Pls share JAX version of REINFORCE algorithm, if you came across.

Answered by BalajiAI

Apr 17, 2022

There are two possible solutions for this problem.

The first solution is suggested by @YouJiacheng.

You can store actions, states and returns. And evaluate log_prob as a function of params when compute loss. And I personally think you don't need to write REINFORCE as a class.
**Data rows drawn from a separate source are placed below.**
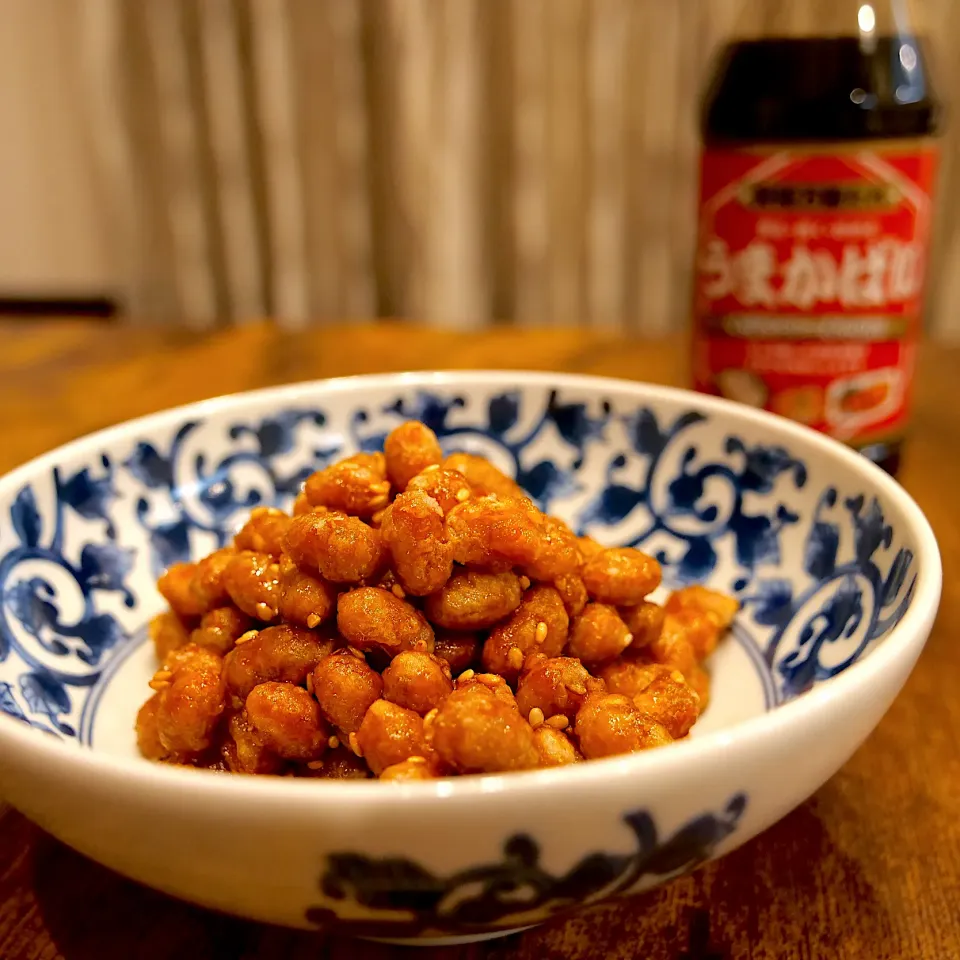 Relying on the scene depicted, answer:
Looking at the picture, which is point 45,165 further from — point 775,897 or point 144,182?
point 775,897

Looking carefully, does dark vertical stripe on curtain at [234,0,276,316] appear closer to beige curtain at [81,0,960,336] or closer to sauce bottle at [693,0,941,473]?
beige curtain at [81,0,960,336]

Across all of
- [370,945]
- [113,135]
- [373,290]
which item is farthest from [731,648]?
[113,135]

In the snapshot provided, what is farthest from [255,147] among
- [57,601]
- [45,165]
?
[57,601]

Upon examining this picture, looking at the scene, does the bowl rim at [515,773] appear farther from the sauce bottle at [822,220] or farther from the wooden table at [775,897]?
the sauce bottle at [822,220]

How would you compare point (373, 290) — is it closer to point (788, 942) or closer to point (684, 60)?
point (684, 60)

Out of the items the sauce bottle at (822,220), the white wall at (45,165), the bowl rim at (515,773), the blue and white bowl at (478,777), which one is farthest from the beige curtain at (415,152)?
the bowl rim at (515,773)

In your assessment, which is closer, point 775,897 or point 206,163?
point 775,897

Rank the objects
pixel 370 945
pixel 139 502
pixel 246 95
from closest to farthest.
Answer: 1. pixel 370 945
2. pixel 139 502
3. pixel 246 95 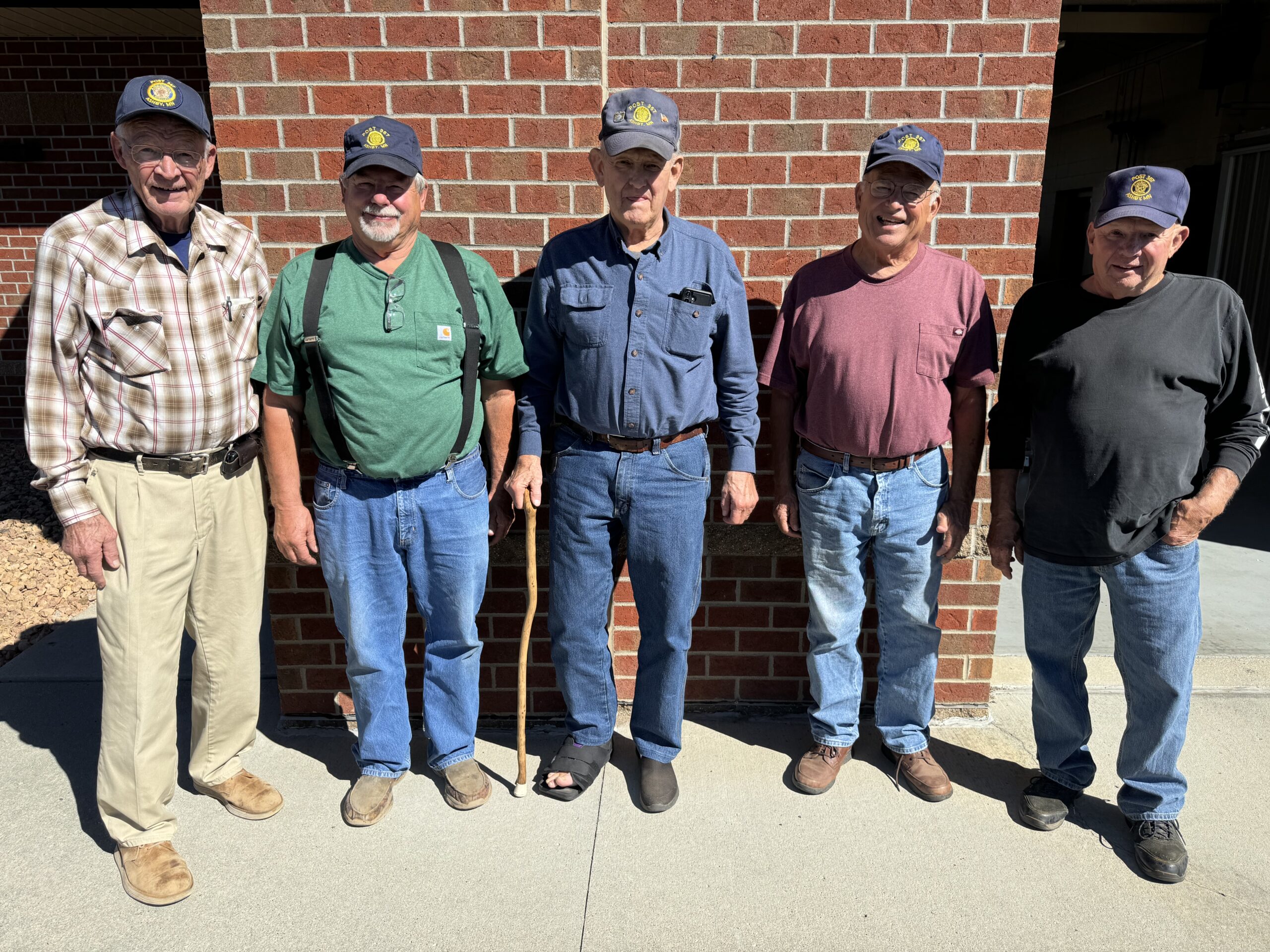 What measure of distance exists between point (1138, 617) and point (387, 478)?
232 cm

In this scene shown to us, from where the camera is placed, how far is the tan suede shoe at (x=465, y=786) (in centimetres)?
315

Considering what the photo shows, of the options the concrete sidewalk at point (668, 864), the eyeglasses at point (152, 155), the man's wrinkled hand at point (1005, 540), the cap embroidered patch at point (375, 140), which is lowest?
the concrete sidewalk at point (668, 864)

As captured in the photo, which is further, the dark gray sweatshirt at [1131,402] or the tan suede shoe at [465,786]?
the tan suede shoe at [465,786]

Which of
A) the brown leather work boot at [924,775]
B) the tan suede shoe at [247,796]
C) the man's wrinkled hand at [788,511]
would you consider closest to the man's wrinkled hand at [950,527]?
the man's wrinkled hand at [788,511]

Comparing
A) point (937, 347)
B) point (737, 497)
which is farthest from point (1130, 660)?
point (737, 497)

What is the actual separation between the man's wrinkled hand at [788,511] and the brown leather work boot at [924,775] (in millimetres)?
897

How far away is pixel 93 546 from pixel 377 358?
3.17 ft

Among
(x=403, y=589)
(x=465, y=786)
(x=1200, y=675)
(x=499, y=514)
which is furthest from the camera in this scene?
Answer: (x=1200, y=675)

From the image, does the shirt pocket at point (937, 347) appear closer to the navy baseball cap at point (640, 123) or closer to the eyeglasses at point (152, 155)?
the navy baseball cap at point (640, 123)

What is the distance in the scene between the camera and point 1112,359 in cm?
261

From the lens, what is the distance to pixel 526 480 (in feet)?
10.0

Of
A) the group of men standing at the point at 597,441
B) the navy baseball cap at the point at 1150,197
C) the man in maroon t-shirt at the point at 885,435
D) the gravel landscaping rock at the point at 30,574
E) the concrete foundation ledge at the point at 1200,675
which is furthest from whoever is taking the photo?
the gravel landscaping rock at the point at 30,574

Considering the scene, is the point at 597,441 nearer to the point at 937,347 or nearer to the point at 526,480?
the point at 526,480

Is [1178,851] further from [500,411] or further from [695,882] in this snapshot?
[500,411] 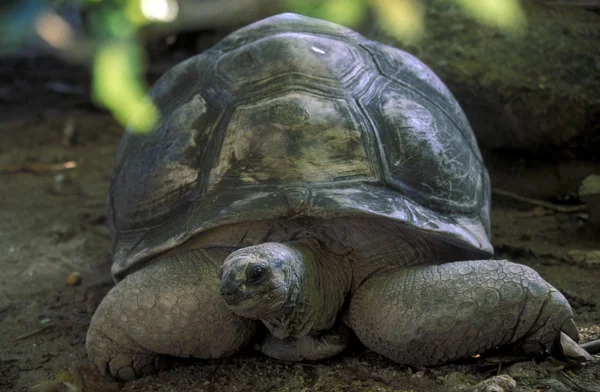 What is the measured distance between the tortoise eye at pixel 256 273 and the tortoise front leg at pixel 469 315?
21.3 inches

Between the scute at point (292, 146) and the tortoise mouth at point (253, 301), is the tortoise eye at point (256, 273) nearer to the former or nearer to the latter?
the tortoise mouth at point (253, 301)

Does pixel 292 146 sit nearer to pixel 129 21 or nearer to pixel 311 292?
pixel 311 292

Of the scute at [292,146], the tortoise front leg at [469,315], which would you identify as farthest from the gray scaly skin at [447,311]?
the scute at [292,146]

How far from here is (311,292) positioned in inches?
97.4

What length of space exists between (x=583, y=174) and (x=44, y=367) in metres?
3.31

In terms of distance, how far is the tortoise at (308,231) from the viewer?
241cm

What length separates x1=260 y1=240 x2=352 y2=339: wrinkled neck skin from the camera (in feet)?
7.84

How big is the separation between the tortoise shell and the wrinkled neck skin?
0.18m

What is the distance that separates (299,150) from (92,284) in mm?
1575

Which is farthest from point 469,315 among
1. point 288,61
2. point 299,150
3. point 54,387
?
point 54,387

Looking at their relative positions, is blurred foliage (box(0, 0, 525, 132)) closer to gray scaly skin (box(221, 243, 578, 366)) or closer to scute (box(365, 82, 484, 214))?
scute (box(365, 82, 484, 214))

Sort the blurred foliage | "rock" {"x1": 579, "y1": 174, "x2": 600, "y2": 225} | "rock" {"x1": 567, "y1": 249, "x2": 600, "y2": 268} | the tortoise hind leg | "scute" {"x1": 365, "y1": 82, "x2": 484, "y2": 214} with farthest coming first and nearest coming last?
the blurred foliage < "rock" {"x1": 579, "y1": 174, "x2": 600, "y2": 225} < "rock" {"x1": 567, "y1": 249, "x2": 600, "y2": 268} < "scute" {"x1": 365, "y1": 82, "x2": 484, "y2": 214} < the tortoise hind leg

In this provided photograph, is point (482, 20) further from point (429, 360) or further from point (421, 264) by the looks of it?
point (429, 360)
# collect states, actions and returns from agent in environment
def compute_loss(params):
    loss = 0
    for state, action, ret in zip(states, actions, returns):
        logits = policy_network.apply(params, state)
        log_prob = log_prob_func(logits, action) # i.e. log_softmax(logits)[action]
        loss = loss + ret * log_prob
    return -loss

Or

# collect states, actions and returns from agent in environme…

View full answer

YouJiacheng · 2022-04-15T16:42:13Z

YouJiacheng
Apr 15, 2022

You can store actions, states and returns.
And evaluate log_prob as a function of params when compute loss.
And I personally think you don't need to write REINFORCE as a class.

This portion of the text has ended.